Stored dataset items:
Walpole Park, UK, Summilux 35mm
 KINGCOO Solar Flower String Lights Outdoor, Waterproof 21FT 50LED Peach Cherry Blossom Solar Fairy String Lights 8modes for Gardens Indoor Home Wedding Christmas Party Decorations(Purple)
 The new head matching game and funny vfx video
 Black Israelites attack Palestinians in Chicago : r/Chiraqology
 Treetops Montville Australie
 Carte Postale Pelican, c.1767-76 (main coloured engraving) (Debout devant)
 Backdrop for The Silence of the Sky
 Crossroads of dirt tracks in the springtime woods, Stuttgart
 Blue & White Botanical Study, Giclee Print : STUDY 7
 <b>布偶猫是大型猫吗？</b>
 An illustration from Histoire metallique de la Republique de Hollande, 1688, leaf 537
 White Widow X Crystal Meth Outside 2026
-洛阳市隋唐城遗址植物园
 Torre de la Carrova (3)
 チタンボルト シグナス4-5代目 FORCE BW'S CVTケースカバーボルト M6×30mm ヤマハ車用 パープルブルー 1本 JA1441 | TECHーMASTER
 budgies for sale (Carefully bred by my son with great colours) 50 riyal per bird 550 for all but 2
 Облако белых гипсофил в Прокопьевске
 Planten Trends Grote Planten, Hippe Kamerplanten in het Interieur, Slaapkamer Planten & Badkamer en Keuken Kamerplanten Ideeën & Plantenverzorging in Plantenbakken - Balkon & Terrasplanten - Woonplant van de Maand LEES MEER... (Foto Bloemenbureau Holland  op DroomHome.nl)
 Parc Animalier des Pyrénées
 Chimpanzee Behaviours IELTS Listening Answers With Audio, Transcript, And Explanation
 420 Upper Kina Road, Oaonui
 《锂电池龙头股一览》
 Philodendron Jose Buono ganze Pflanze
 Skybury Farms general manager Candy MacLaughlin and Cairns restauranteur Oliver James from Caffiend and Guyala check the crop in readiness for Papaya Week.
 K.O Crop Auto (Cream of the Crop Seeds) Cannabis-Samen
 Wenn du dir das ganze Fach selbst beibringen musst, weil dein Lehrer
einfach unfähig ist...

- **Task objective**
Return exactly what appears above, from the first line of the entries to the line with "Philodendron Jose Buono ganze Pflanze", inclusive.

- **Exercise output**
Walpole Park, UK, Summilux 35mm
 KINGCOO Solar Flower String Lights Outdoor, Waterproof 21FT 50LED Peach Cherry Blossom Solar Fairy String Lights 8modes for Gardens Indoor Home Wedding Christmas Party Decorations(Purple)
 The new head matching game and funny vfx video
 Black Israelites attack Palestinians in Chicago : r/Chiraqology
 Treetops Montville Australie
 Carte Postale Pelican, c.1767-76 (main coloured engraving) (Debout devant)
 Backdrop for The Silence of the Sky
 Crossroads of dirt tracks in the springtime woods, Stuttgart
 Blue & White Botanical Study, Giclee Print : STUDY 7
 <b>布偶猫是大型猫吗？</b>
 An illustration from Histoire metallique de la Republique de Hollande, 1688, leaf 537
 White Widow X Crystal Meth Outside 2026
-洛阳市隋唐城遗址植物园
 Torre de la Carrova (3)
 チタンボルト シグナス4-5代目 FORCE BW'S CVTケースカバーボルト M6×30mm ヤマハ車用 パープルブルー 1本 JA1441 | TECHーMASTER
 budgies for sale (Carefully bred by my son with great colours) 50 riyal per bird 550 for all but 2
 Облако белых гипсофил в Прокопьевске
 Planten Trends Grote Planten, Hippe Kamerplanten in het Interieur, Slaapkamer Planten & Badkamer en Keuken Kamerplanten Ideeën & Plantenverzorging in Plantenbakken - Balkon & Terrasplanten - Woonplant van de Maand LEES MEER... (Foto Bloemenbureau Holland  op DroomHome.nl)
 Parc Animalier des Pyrénées
 Chimpanzee Behaviours IELTS Listening Answers With Audio, Transcript, And Explanation
 420 Upper Kina Road, Oaonui
 《锂电池龙头股一览》
 Philodendron Jose Buono ganze Pflanze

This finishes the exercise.